*Given records*
--- --- ---

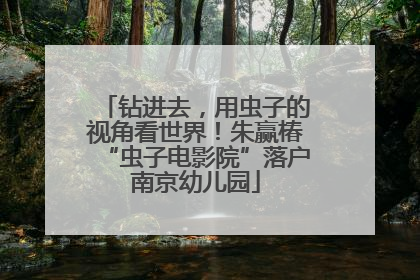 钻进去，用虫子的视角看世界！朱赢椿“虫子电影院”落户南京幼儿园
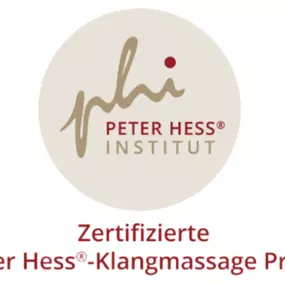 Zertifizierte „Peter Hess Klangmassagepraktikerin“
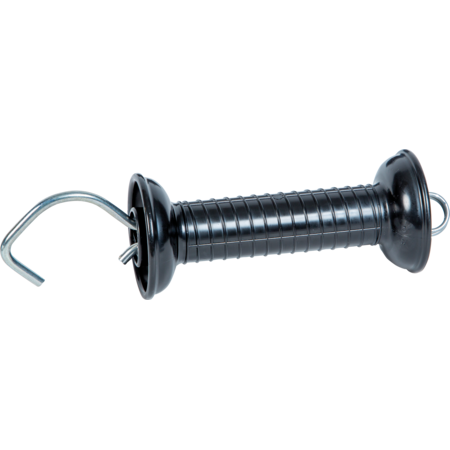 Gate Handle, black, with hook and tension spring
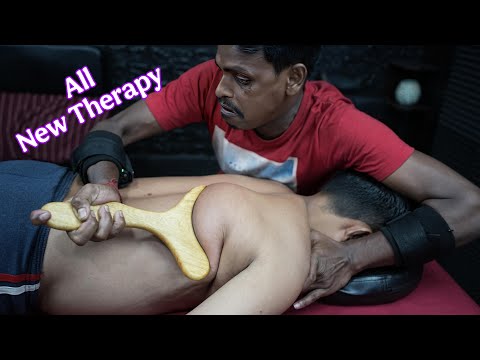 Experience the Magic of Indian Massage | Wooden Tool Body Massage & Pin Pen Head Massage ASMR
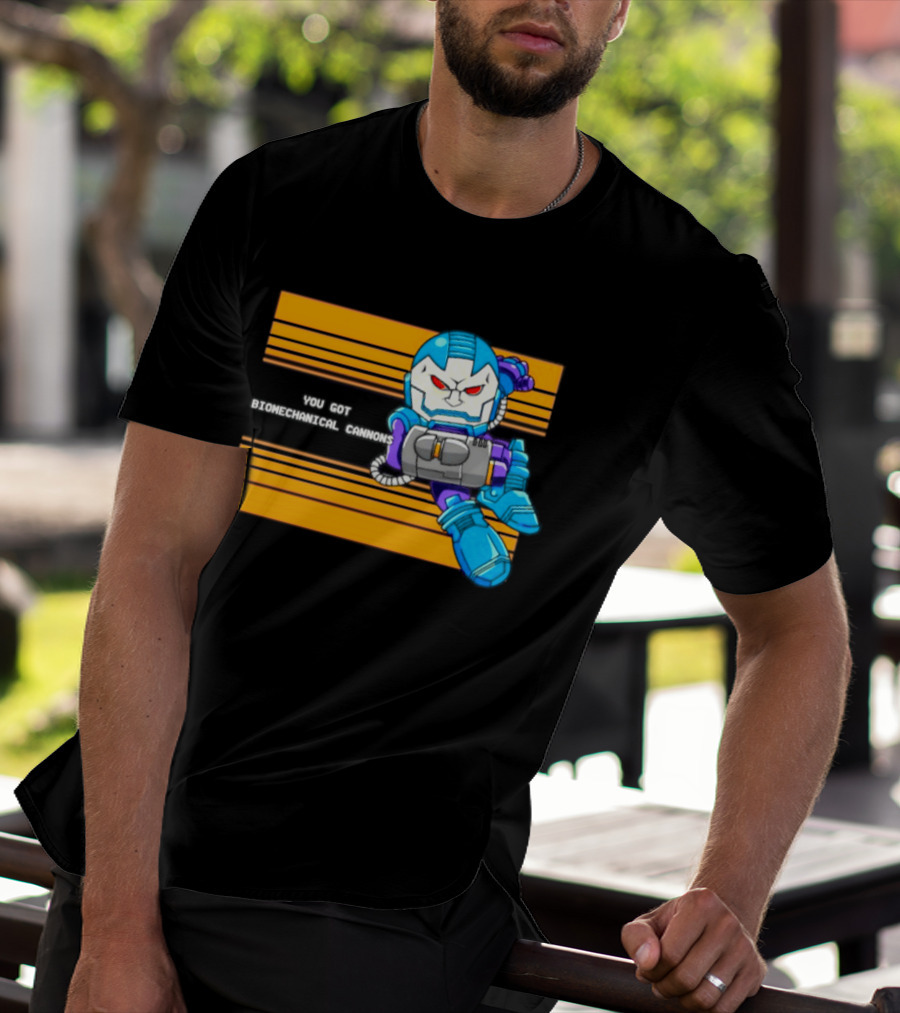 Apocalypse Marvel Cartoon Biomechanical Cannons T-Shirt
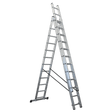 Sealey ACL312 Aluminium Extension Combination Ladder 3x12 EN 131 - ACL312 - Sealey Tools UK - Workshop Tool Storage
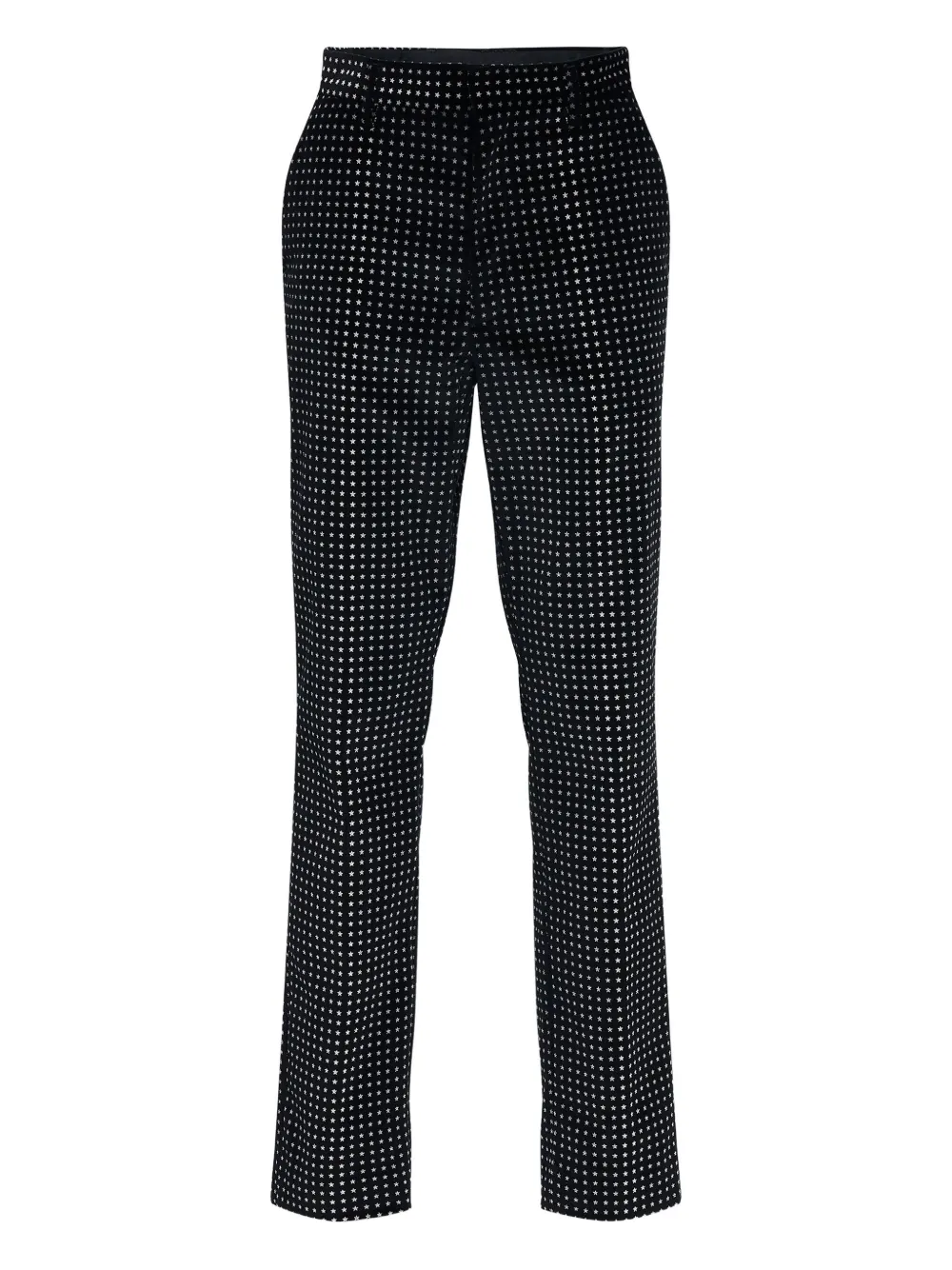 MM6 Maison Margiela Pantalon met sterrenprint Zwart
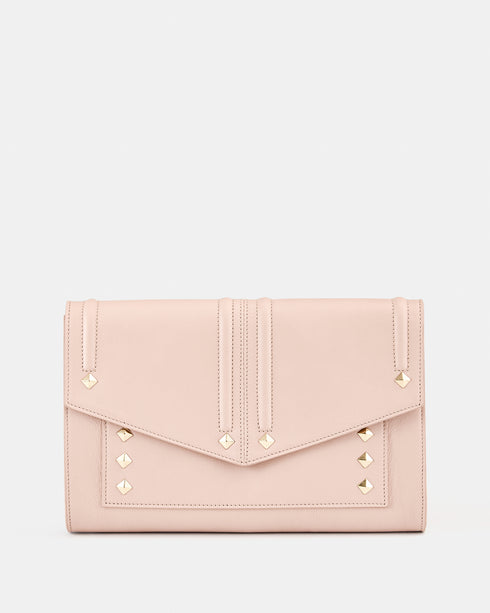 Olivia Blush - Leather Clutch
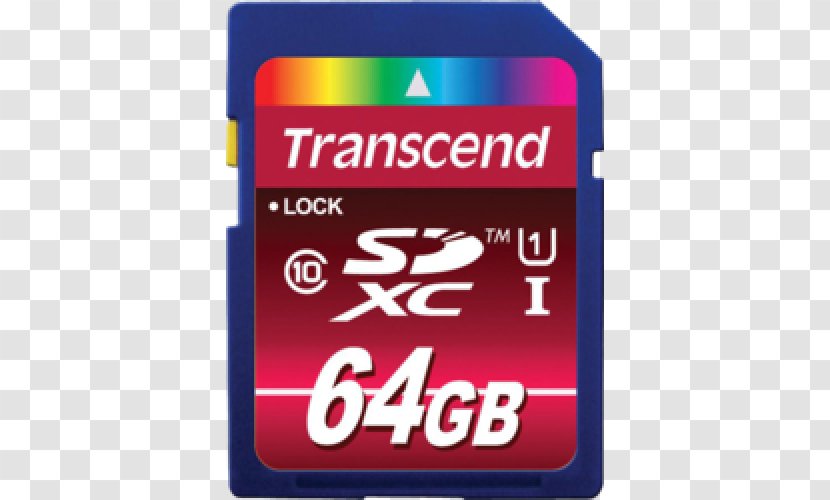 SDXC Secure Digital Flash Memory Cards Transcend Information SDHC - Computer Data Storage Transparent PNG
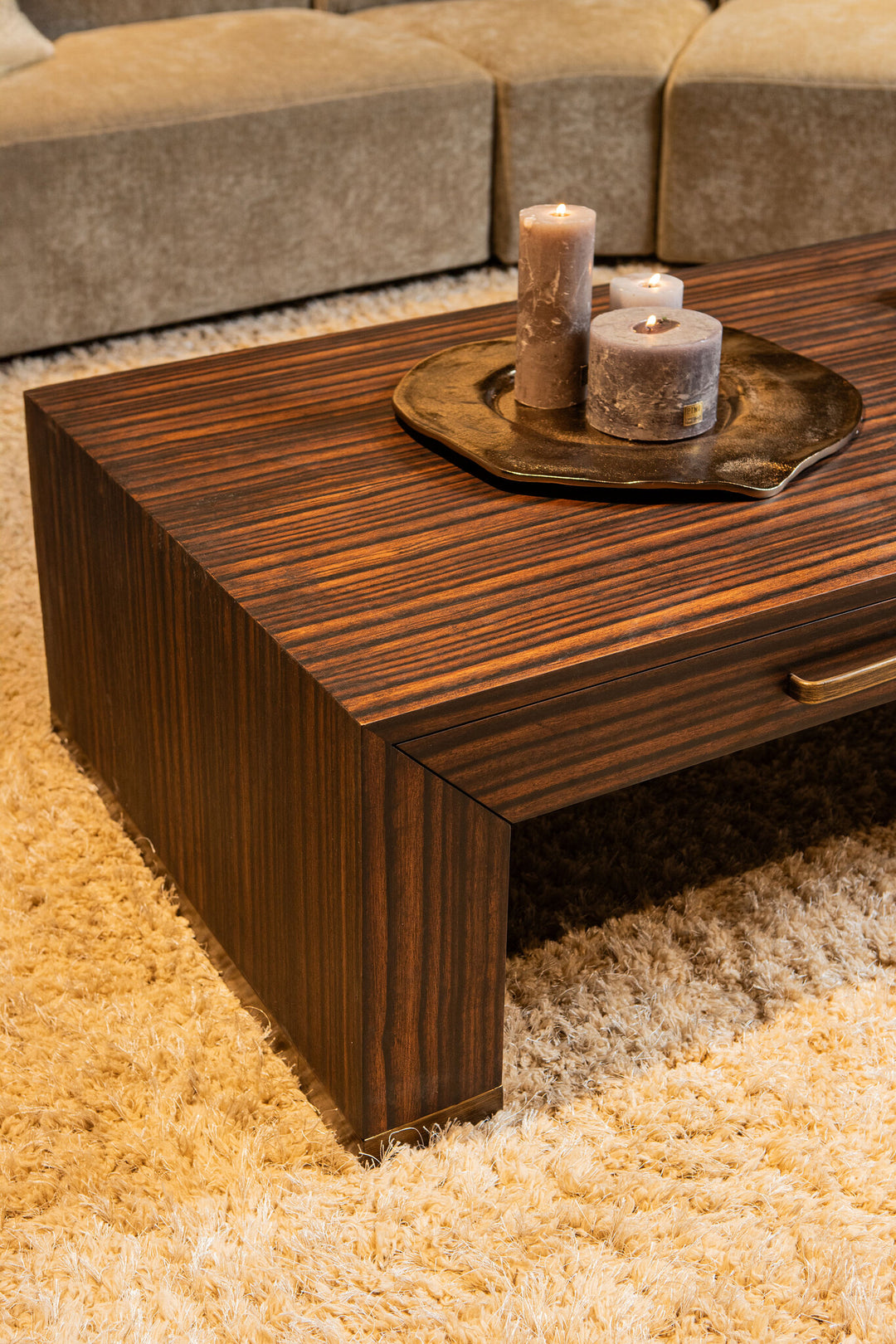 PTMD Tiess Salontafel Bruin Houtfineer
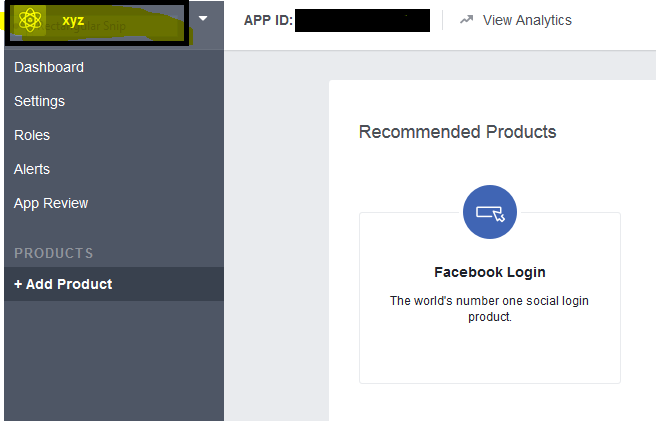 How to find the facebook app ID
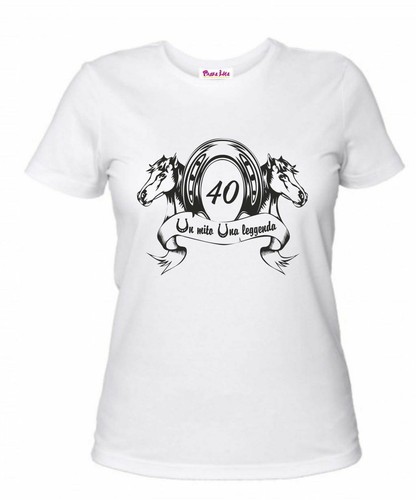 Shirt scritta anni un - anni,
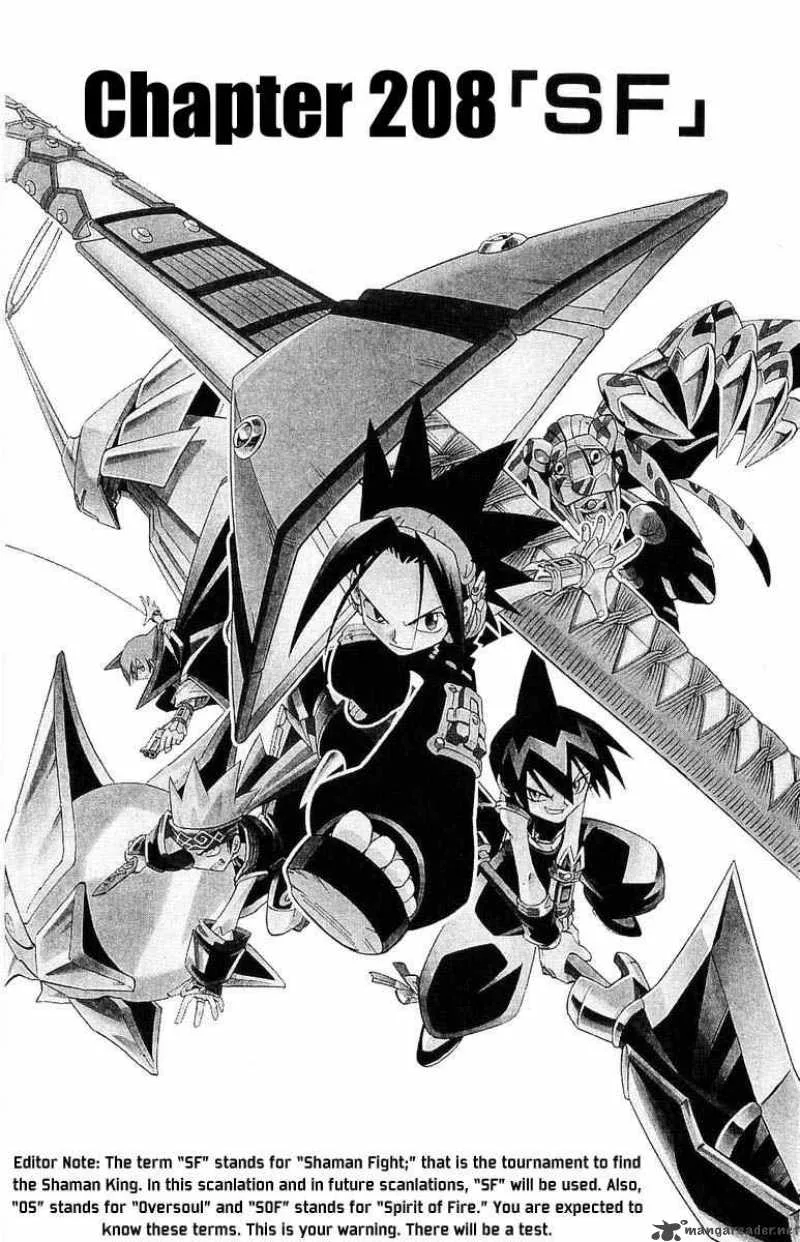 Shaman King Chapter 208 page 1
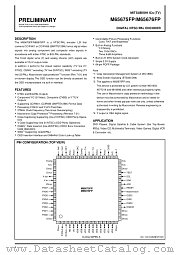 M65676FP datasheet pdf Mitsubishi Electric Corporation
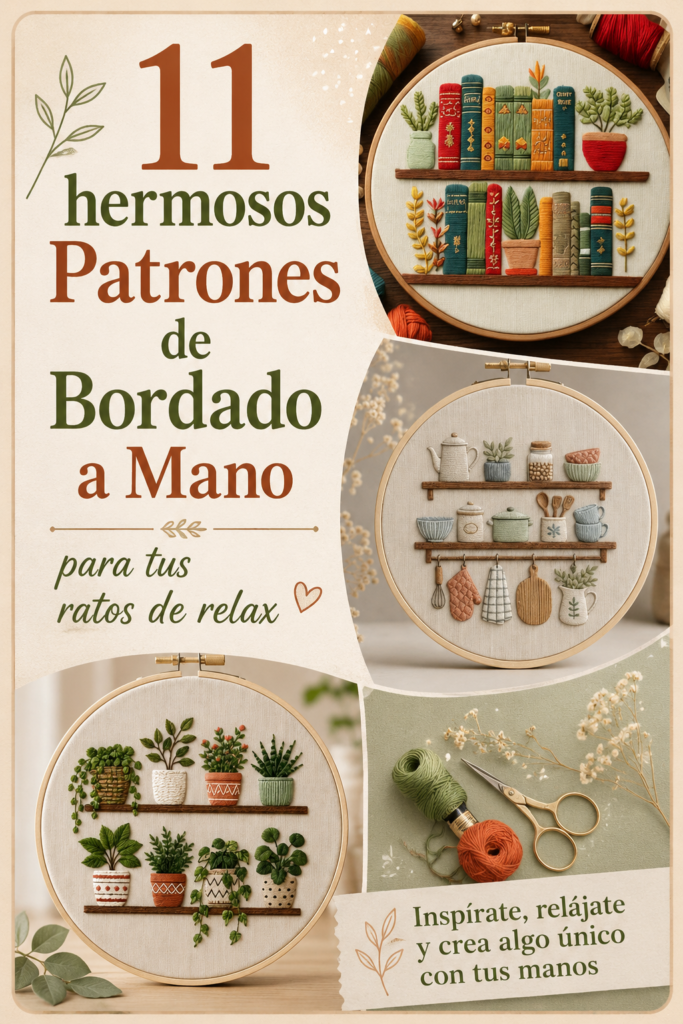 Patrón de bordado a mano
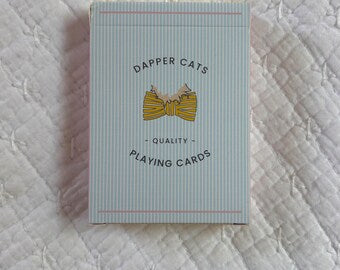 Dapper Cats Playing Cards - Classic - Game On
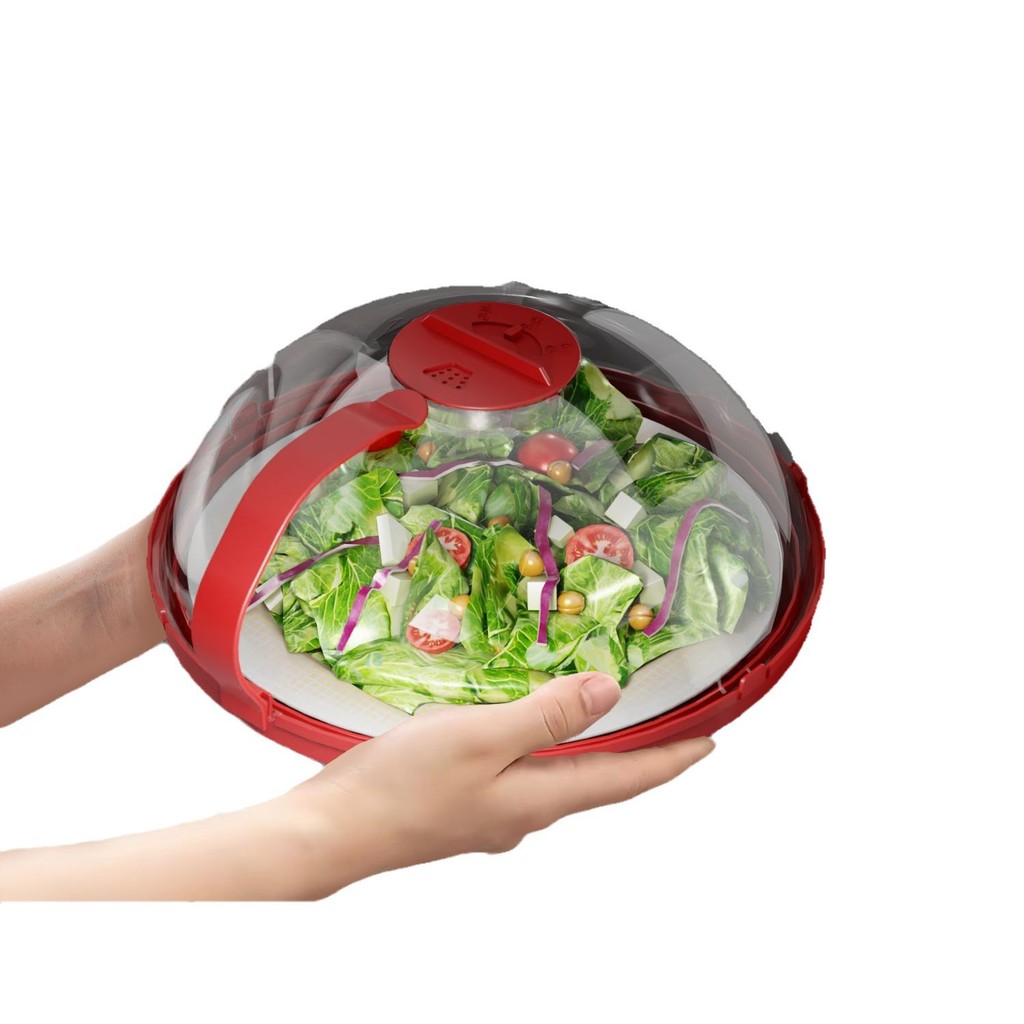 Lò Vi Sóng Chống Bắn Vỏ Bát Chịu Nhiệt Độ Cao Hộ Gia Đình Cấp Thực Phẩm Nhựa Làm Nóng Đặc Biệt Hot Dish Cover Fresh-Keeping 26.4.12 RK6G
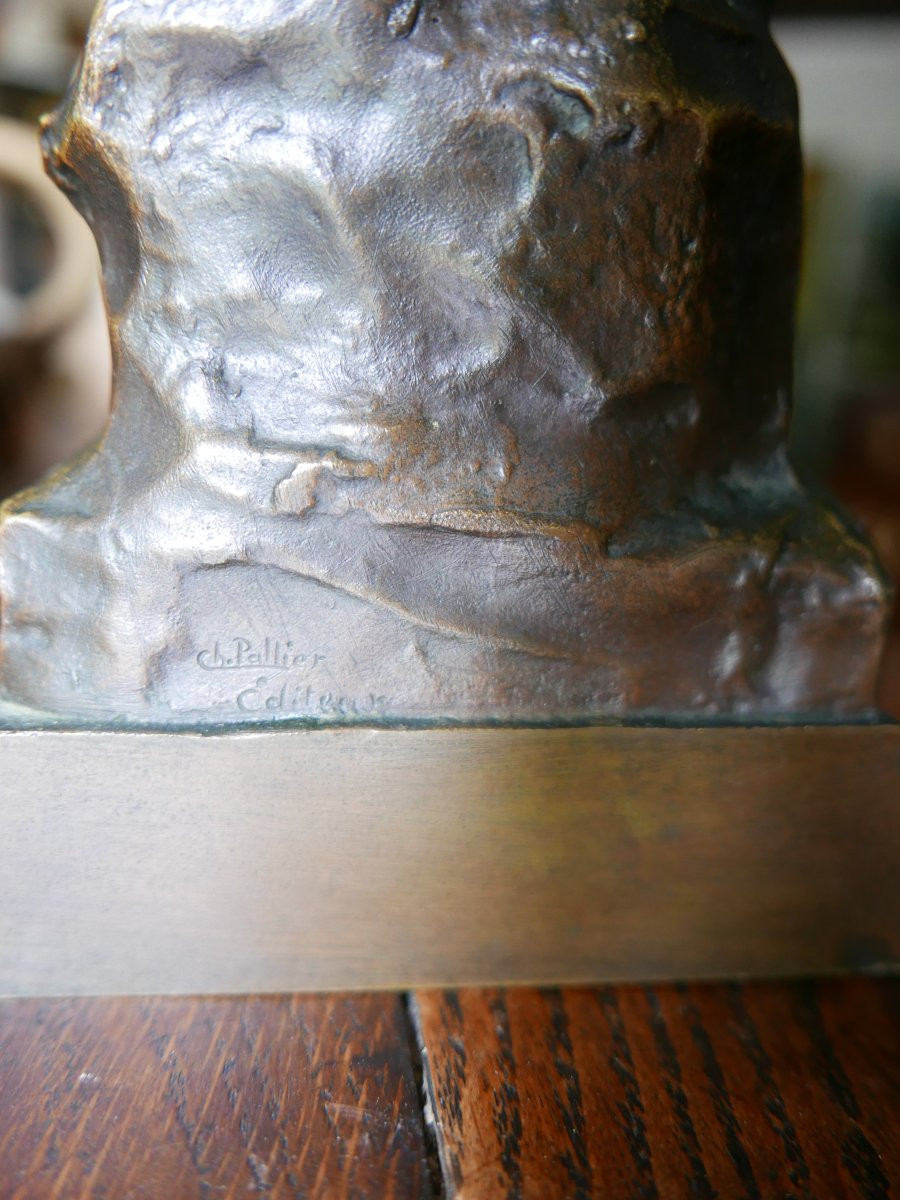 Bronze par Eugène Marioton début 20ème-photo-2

--- --- ---

*Work to be completed*
Nothing but the lines from the one with "PTMD Tiess Salontafel Bruin Houtfineer" through the last line of the records should appear in your answer, each exactly as written and without pictures.

*Result for this exercise*
 PTMD Tiess Salontafel Bruin Houtfineer
 How to find the facebook app ID
 Shirt scritta anni un - anni,
 Shaman King Chapter 208 page 1
 M65676FP datasheet pdf Mitsubishi Electric Corporation
 Patrón de bordado a mano
 Dapper Cats Playing Cards - Classic - Game On
 Lò Vi Sóng Chống Bắn Vỏ Bát Chịu Nhiệt Độ Cao Hộ Gia Đình Cấp Thực Phẩm Nhựa Làm Nóng Đặc Biệt Hot Dish Cover Fresh-Keeping 26.4.12 RK6G
 Bronze par Eugène Marioton début 20ème-photo-2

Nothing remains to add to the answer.